A couple days later, after bumming a few rides to work, my initial optimism and confidence about the situation was starting to wane. I felt reluctant to ask the rescue mission to buy the car- I had a modest savings account but nowhere near their asking-price and every dollar I had needed to be saved to get me back to Minnesota when the time came. Even if I offered them all of my money, I wouldn't be able to pay for gas to get home. 

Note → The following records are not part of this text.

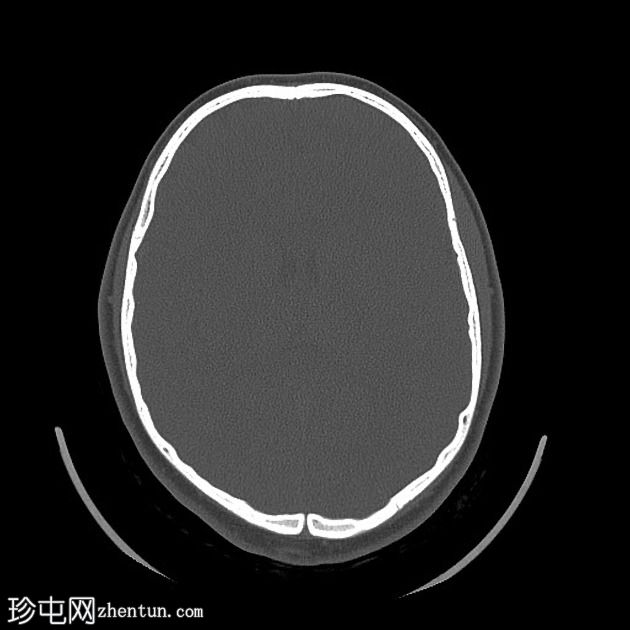 视盘玻璃膜疣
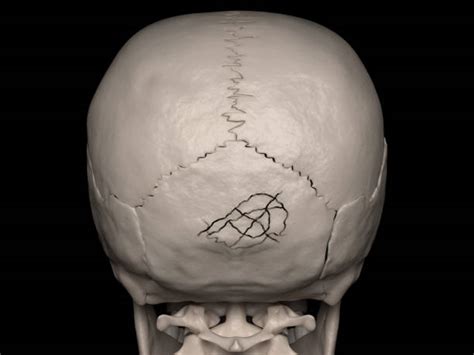 Occipital Bone Stock Photos Pictures And Royalty Free Images Istock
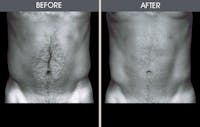 Liposuction Gallery Before & After Gallery - Patient 2207228 - Image 1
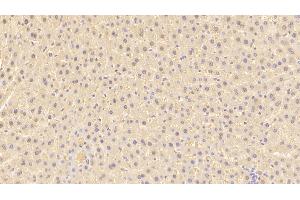 Detection of ARG in Rat Liver Tissue using Polyclonal Antibody to Arginase (ARG) (ARG antibody  (AA 1-323))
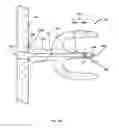 Fig. 13 - Body cleansing apparatus
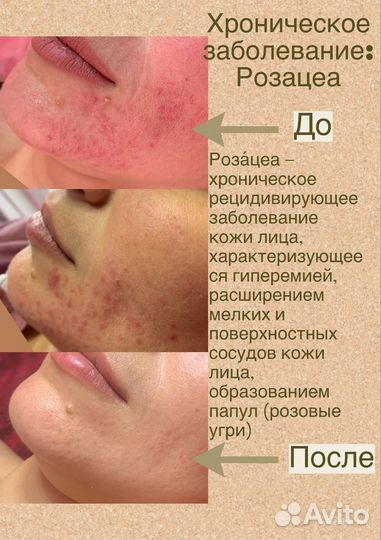Услуги косметолога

I asked Vicki for a ride to Sunday service. The first person I saw when I walked in was Pastor Bob, who threw his arms around me and said, "after church you need to call the director of the rescue mission! Oh Angela, I'm so happy for you!" I didn't know what to think- what does this all mean? 

I got in touch with the program director of the rescue mission. She told me that Pastor Bob had spoken with her and she was aware of my situation. She offered to sell me the Mercedes for a fraction of my savings. I bought it the next day, and had enough money to transfer the title, get a smog test and pay for registration. 

Sitting in the car for the first time, I broke down crying. Thank You God, thank You God. It was about provision and the kindness of other people, about a community coming together to help me, about the power of piecing my life back together and people wanting to help because they saw me putting all my effort into changing for the better. It didn't matter what someone I used to love may have said about me or told me I was- people saw me, and they believed in me.

The original owner of the car was a doctor from San Diego. There was not a scratch on it, the interior was in near-perfect condition. Two days prior I was on Craigslist looking at beater cars that 5 times what I paid for the car I was sitting in. It had so many buttons I didn't know what they all did (and I still don't). God could have provided a Daewoo or a Pinto or a Greyhound bus ticket. But I was sitting in a Mercedes E320 and it was mine. It wasn't just provision. It was luxurious provision, greater than I could have expected and wasn't even sure I deserved. 

Of course, the first thing I did was drove to my favorite taco place to get homemade horchata and quesadillas. I truly believe God can speak through anyone and anything. The Pagan sex shop owner who provided The Emerald Fox. The Christian homeless shelter director who provided a Mercedes. And whether anyone believes it or not, I know God can even speak through Judas Priest. Hahaha. 

When I turned on the radio for the first time, I knew the lyrics would be my anthem on the long journey home:

"If you think I'll sit around
As the world goes by
You're thinking like a fool
Cause it's a case of do or die
Out there is a fortune
Waiting to be had
You think I'll let it go, you're mad
You got another thing coming." 

My children are my fortune- my greatest treasure- and I knew the pain of being without them. It was through this car that I could keep working, keep saving, and keep fighting. I drove out of Burbank, California early one morning with my best friend who flew out to help me drive home. I can't tell you how many times we heard that same song play on the radio (at least once through every state). And I'm grateful to be home.